Playing gigs in a pizza shop may not make them stars, but the Albanian Eagles will take American anonymity over Albanian fame any day it's offered.

This time last year, Dolnar Spahija appeared to be holding the Albanian music world in the palm of his hand. The 23-year-old keyboardist/guitarist had earned a music degree from a prestigious arts academy, secured an impressive string of bookings at music festivals around the country, and was hosting a top-rated variety show on the state-run television network.

But despite the fame, life in Europe's poorest country brought nothing but poverty and hopelessness. Spahija's touring schedule was ambitious, but the pay was lousy. And although the TV show made him a star, he bristled at the notion of the socialist government dictating what viewers could and could not watch. So Spahija fled his hometown of Shkodër, a picturesque city at the foot of the North Albanian Alps near the Montenegro border. He was off to the United States.

There were no jobs, no money, a lot of things we didn't have, he recalls today. It's a big thing to be in America.

Spahija, like an estimated 5,000 countrymen before him, settled in Cleveland. He found a job in a restaurant and reinvented his image by calling himself Lenny.

Then he tracked down Genti Derveni, a former classmate at the Institute of High Art in the Albanian capital of Tiranë. In 1998, the 25-year-old Derveni immigrated to Cleveland from his hometown of Fier, a town 10 miles east of the Adriatic Sea. Like Spahija, he wasn't about to let government leaders continue to choke his musical aspirations.

"I had nothing," the clarinetist/saxophonist says. "I came here because of better life."

The friends teamed up to re-create the traditional music of their homeland. Spahija even programmed the sounds of native Albanian instruments -- like the çiftelia, a two-stringed guitar, and the daire, a goat-skinned tambourine -- into his synthesizer. Once they fine-tuned their repertoire, the duo set out to find a venue in Northeast Ohio.

Enter Aziz Ukshini, a 29-year-old Kosovo native who, at the time, managed Club Isabella, Cleveland's oldest jazz club. Ukshini modeled the band's name after Albania's eagle emblem. He booked the Albanian Eagles for a run of Sunday engagements at the club, where they played weekly for three months. But when the club changed hands in March, the new owners parted ways with the duo.
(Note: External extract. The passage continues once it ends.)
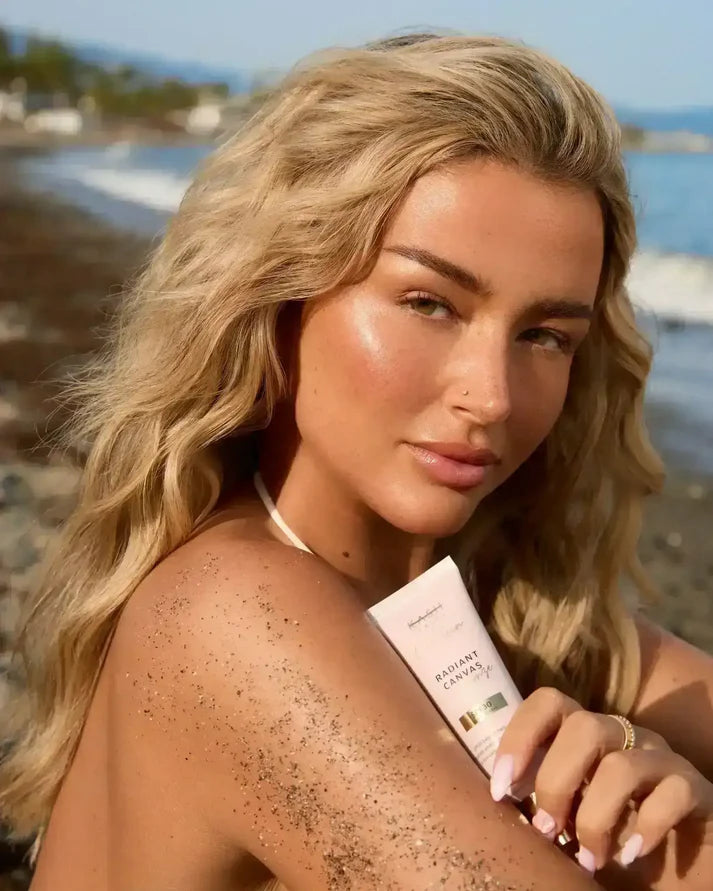 KASH Beauty - Radiant Canvas Bronze Primer SPF 30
But Spahija and Derveni aren't yet ready to surrender their place on the Cleveland music scene. They recently landed a weekly gig at Joe's Pizza and Deli, determined to stick with their sounds and dreams.

"Most of us [Albanians] have invested our time here," Ukshini says. "It's really hard to separate this life from going back home. This is bringing happy music during sad times."